Search code examples
stringpattern-matchingsml

SML Pattern Matching on char lists


I'm trying to pattern match on char lists in SML. I pass in a char list generated from a string as an argument to the helper function, but I get an error saying "non-constructor applied to argument in pattern". The error goes away if instead of

#"a"::#"b"::#"c"::#"d"::_::nil 

I use:

#"a"::_::nil.

Any explanations regarding why this happens would be much appreciated, and work-arounds if any. I'm guessing I could use the substring function to check this specific substring in the original string, but I find pattern matching intriguing and wanted to take a shot.
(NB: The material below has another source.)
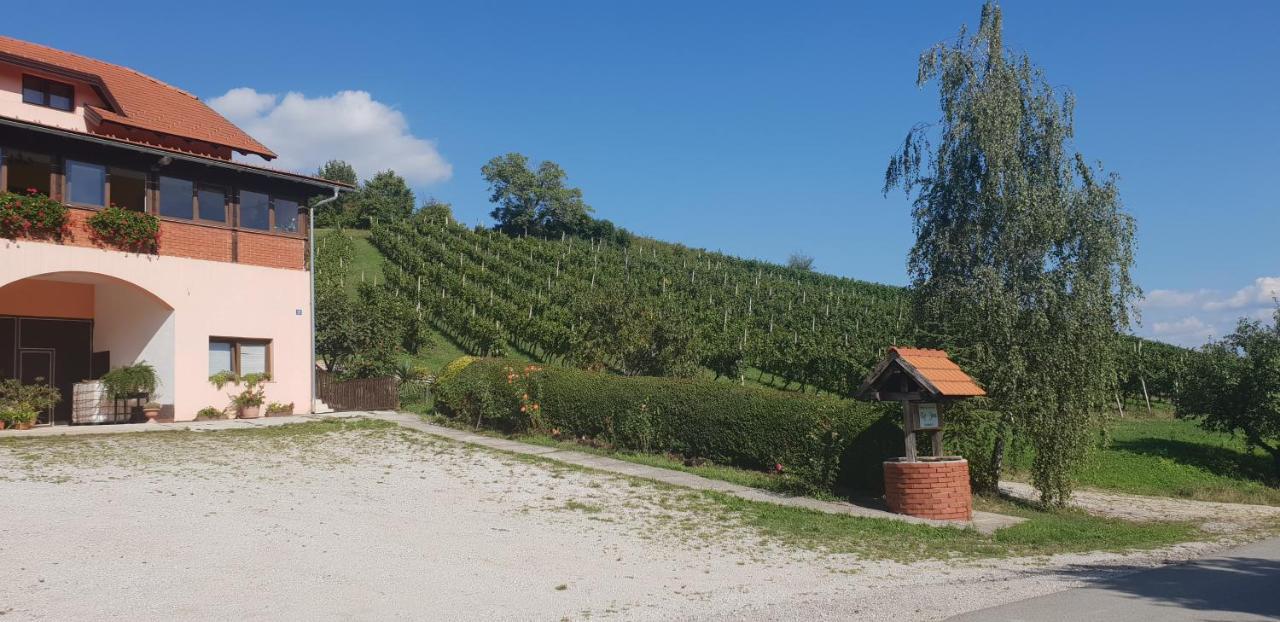 Klet Jana Bed & Breakfast Jasztrebarszka Kültér fotó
Also, I need specific information in the char list located somewhere later in the string, and I was wondering if my pattern could be:

#"some useless characters"::#"list of characters I want"::#"newline character"

I checked out How to do pattern matching on string in SML? but it didn't help.

fun somefunction(#"a"::#"b"::#"c"::#"d"::_::nil) = print("true\n")
  | somefunction(_) = print("false\n")

Solution

  • If you add parentheses around the characters the problem goes away:

    fun somefunction((#"a")::(#"b")::(#"c")::(#"d")::_::nil) = print("true\n")
      | somefunction(_) = print("false\n")
    

    Then somefunction (explode "abcde") prints true and somefunction (explode "abcdef") prints false.

    I'm not quite sure why the SML parser had difficulties parsing the original definition. The error message suggests that is was interpreting # as a function which is applied to strings. The problem doesn't arise simply in pattern matching. SML also has difficulty with an expression like #"a"::#"b"::[]. At first it seems like a precedence problem (of # and ::) but that isn't the issue since #"a"::explode "bc" works as expected (matching your observation of how your definition worked when only one # appeared). I suspect that the problem traces to the fact that characters where added to the language with SML 97. The earlier SML 90 viewed characters as strings of length 1. Perhaps there is some sort of behind-the-scenes kludge with the way the symbol # as a part of character literals was grafted onto the language.